Induction of Pituitary Sensitivity to Interleukin-1: A New Function for Corticotropin-Releasing Hormone

• Published in: Biochemical and biophysical research communications Vol. 198; no. 2; pp. 480 - 484
• Main Authors: Payne, L.C., Weigent, D.A., Blalock, J.E.
• Format: Journal Article
• Language: English
• Published: San Diego, CA Elsevier Inc 28.01.1994; Elsevier
• Subjects: Adrenocorticotropic Hormone - metabolism; Animals; Biological and medical sciences; Corticotropin-Releasing Hormone - antagonists & inhibitors; Corticotropin-Releasing Hormone - pharmacology; Fundamental and applied biological sciences. Psychology; Hormones and neuropeptides. Regulation; Hypothalamus. Hypophysis. Epiphysis. Urophysis; Interleukin-1 - pharmacology; Male; Peptide Fragments - pharmacology; Pituitary Gland - drug effects; Rats; Rats, Sprague-Dawley; Vertebrates: endocrinology; Immune response; Rat; Hypothalamohypophysoadrenal axis; Cytokine; Peptide hormone; Rodentia; ACTH-RH; ACTH; Stress; Signal transduction; Vertebrata; Mammalia; Interleukin 1; Hormone releasing factor; Release
• ISSN: 0006-291X; 1090-2104
• DOI: 10.1006/bbrc.1994.1070

Activation of the hypothalamic-pituitary-adrenal axis to release corticotropin-releasing hormone (CRH), corticotropin (ACTH), and glucocorticoids during inflammatory stress is now considered a key function of interleukin-1 (IL-1). Current dogma suggests that in vivo ACTH release due to IL-1 is indirect and entirely results from IL-imediated-CRH release from the hypothalamus. The present findings show that low levels of exogenous or endogenous CRH can sensitize the pituitary gland to the direct ACTH releasing activity of IL-1. Once sensitized, IL-1 induced ACTH release is not inhibitable by the CRH antagonist, α-helical (αh) CRF [9-41]. Thus, IL-1 effects ACTH release at the level of both the hypothalamus and pituitary gland.

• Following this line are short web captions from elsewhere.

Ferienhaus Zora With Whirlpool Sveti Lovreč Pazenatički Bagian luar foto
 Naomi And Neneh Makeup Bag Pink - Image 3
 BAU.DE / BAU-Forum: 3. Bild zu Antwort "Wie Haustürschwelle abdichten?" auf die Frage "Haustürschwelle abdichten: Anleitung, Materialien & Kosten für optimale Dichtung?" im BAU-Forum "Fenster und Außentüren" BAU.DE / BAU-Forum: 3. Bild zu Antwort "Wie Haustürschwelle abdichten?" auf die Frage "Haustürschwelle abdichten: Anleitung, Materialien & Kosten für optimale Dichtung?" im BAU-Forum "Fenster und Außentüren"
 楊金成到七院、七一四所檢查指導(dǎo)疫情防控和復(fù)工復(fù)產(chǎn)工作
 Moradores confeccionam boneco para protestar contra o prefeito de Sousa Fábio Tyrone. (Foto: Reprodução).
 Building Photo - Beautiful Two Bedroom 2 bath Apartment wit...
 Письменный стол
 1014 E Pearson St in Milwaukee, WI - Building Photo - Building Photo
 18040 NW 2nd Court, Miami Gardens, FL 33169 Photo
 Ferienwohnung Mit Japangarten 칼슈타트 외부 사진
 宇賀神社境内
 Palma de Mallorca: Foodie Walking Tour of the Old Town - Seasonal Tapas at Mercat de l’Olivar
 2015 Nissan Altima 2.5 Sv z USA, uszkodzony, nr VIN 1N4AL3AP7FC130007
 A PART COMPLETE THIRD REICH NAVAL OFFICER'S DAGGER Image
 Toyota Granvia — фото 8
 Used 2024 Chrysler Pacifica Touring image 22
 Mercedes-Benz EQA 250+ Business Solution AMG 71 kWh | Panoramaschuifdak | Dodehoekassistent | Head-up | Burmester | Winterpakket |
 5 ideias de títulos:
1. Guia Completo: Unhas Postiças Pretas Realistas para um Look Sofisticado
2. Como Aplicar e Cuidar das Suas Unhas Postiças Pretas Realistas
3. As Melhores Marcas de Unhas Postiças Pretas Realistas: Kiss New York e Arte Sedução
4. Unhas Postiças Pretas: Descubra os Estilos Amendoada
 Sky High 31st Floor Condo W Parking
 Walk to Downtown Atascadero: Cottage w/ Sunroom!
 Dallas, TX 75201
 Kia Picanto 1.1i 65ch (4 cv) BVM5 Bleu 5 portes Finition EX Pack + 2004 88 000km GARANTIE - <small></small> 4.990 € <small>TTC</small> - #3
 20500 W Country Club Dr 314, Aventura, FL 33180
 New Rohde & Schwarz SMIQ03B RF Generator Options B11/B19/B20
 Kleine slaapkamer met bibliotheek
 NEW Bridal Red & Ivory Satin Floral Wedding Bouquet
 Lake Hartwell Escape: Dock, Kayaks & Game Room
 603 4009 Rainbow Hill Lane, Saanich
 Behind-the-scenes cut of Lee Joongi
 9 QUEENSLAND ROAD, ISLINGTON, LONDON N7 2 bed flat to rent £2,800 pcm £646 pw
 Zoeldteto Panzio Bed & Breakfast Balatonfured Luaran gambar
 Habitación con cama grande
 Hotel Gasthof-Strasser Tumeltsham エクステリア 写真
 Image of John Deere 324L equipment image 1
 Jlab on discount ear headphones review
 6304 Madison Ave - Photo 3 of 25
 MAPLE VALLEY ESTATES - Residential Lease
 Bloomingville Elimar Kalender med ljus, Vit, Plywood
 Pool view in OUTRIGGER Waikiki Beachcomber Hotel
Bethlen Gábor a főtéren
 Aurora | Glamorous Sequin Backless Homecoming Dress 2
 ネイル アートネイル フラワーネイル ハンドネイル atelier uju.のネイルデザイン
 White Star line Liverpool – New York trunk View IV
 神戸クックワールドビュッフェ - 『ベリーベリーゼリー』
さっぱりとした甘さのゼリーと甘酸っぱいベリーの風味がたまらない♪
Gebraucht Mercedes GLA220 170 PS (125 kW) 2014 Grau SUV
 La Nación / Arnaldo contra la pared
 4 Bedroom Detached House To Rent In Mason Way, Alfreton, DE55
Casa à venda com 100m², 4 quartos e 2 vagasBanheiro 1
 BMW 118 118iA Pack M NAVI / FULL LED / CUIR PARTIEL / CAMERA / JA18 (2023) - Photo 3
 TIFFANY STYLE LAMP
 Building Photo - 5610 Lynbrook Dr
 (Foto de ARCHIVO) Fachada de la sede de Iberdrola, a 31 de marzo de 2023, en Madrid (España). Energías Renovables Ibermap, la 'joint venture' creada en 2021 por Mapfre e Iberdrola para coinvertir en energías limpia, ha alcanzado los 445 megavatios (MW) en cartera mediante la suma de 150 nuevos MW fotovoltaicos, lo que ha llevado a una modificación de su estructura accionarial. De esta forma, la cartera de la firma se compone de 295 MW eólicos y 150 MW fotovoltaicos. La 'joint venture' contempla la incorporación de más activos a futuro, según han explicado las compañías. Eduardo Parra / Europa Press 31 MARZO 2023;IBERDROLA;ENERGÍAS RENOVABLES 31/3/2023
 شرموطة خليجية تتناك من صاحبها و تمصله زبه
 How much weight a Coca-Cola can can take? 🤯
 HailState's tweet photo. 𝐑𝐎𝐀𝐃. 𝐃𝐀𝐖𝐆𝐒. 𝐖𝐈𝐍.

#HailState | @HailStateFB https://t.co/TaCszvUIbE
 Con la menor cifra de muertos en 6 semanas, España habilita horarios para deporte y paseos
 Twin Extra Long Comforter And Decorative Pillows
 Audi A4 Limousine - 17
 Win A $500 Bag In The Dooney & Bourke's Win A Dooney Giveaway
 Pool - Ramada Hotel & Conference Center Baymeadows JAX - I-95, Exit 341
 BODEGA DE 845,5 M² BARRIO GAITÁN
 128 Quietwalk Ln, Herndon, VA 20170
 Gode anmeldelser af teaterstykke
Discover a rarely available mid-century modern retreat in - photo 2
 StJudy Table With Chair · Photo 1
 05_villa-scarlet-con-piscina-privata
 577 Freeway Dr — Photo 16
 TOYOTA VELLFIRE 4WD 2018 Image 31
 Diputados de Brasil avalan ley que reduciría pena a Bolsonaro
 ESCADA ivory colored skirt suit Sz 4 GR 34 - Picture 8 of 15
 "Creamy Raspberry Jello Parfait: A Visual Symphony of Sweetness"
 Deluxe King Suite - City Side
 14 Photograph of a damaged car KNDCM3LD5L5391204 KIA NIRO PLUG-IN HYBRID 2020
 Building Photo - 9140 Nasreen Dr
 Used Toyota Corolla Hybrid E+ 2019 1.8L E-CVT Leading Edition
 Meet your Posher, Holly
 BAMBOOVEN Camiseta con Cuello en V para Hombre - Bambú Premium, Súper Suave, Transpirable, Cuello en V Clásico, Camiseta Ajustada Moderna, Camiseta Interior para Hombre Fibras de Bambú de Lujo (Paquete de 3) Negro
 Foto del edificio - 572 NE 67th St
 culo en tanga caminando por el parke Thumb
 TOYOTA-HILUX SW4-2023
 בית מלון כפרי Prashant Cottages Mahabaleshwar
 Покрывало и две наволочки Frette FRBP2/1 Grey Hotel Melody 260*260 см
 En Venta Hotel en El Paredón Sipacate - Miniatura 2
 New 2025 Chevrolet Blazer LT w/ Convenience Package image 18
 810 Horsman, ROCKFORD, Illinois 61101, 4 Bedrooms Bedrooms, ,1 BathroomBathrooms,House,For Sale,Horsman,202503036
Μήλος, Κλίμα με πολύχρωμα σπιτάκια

Perhaps more importantly, the results suggest pituitary sensitization to cytokines, such as IL-1, as a new function for CRH. This action would represent a novel interactive point between the nervous, endocrine, and immune systems whereby very mild psychological or physical stress could have a profound impact on an inflammatory response by increasing pituitary sensitivity to immunological mediators such as IL-1.